The group was shuttled over to Coler Mountain Bike Preserve and greeted at the Grove by site manager Matt Timboe. Under the canopy at the Grove, the group transitioned from theory to the tangible—trading the clicking of keyboards for stepping through dappled sunlight as we moved into the inventory phase. The group split up into three smaller groups and were tasked with different attributes to inventory as they made their way through the 2-mile greenway walk. Flanked on all sides by trail, art, interpretive signage and ecological markers, Coler provided the ideal landscape for taking stock of what exists and what’s possible.
This year’s group got a bonus trip at the end of day one: scoping the new OZ Trails Bike Park before opening day. Against the backdrop of Bella Vista, Gary Vernon and Mike Abb walked the team through HQ, answered questions about the lift and its operations, and walked up the shared-use climbing trail to check out some of the work in progress. This park will be the first of its kind for the state, and an excited energy was palpable during the tour.
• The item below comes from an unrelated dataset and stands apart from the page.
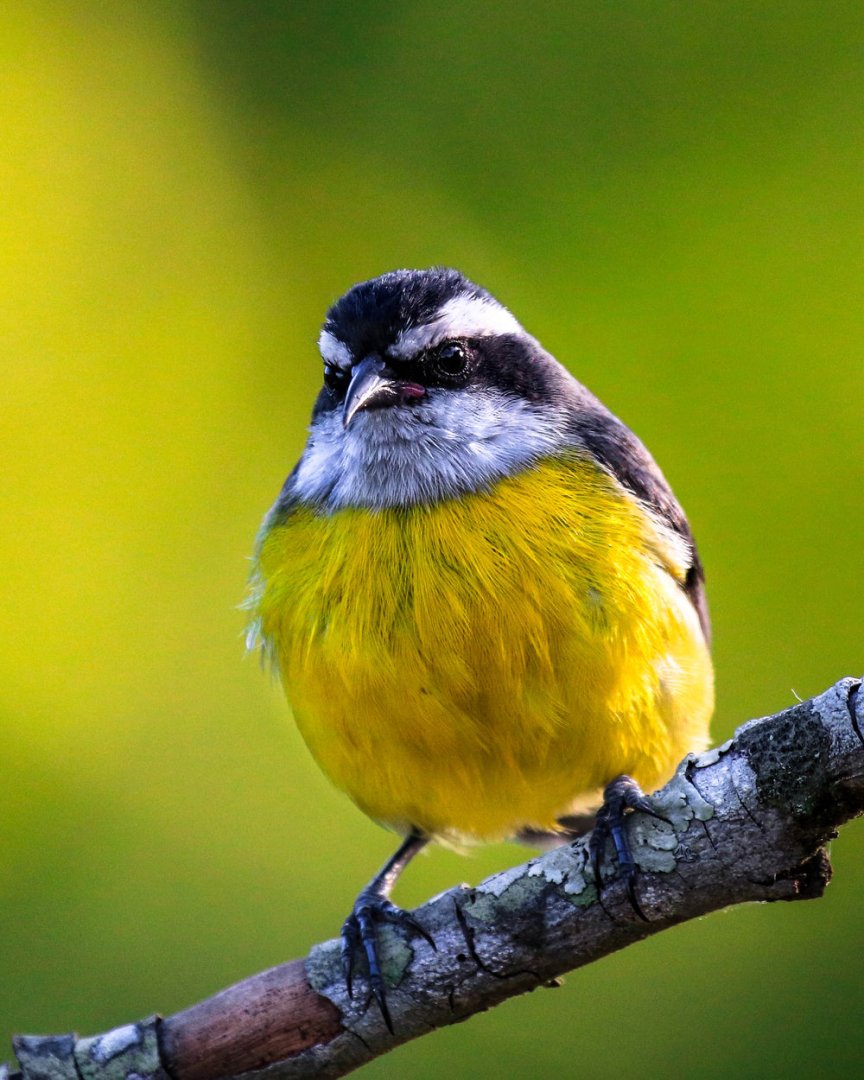 small-black-and-white-bird-with-a-yellow-belly.jpg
We reconvened at the Ledger for Day Two, the morning air still buzzing with the previous day's field discoveries, and the remaining steps were deep dives into planning, design, construction, and stewardship. Ama discussed how planning was the macro step and how inventory informs the gap analysis conducted before any physical plans are made. Design is the micro composed of field flagging and the deliverables that fully define the trail system. After sharing many concept plans with the group, construction was guided in tandem by Cory and Ama; the two stressed the values-based approach that IMBA Trail Solutions takes with every project and the different types of contracting available. While lunch was devoured, stewardship was center stage, and Cory took the lead on the key stewardship tenets of maintain, engage, and protect. Stewardship continued to be a key theme for the afternoon’s field visits as well.
The group shuttled over to the start of the All-American Trail just off the main Bentonville square. This walk-and-talk was similar to the one held at Coler, but this time the group was tasked with applying a stewardship/maintenance lens. Groups identified and surmised how key areas have evolved since the trail's construction, as well as the benefits of multiple alt-lines plopped along the way for different riding abilities. After All-American, the team was greeted by Trailblazers’ Robbie Wells and Brenna Bulin, the leads for the construction arm of Trailblazers and specifically the maintenance of the Castle zone. Robbie and Brenna chatted about maintenance best practices, the evolution of the trails, and their working relationship with IMBA Local Org Friends of Arkansas Singletrack (FAST). Seeing the synergy between the professional crew and local volunteers wasn't just a lesson in maintenance; it was a masterclass in the longevity of trail culture.
A special thank you to Visit Bentonville for hosting us for IMBA Trailhead and the team that came together to make it happen! The real work doesn’t end when everyone departs; it begins when these 23 champions return to their own communities, ready to break tread on the paths they mapped out in Bentonville.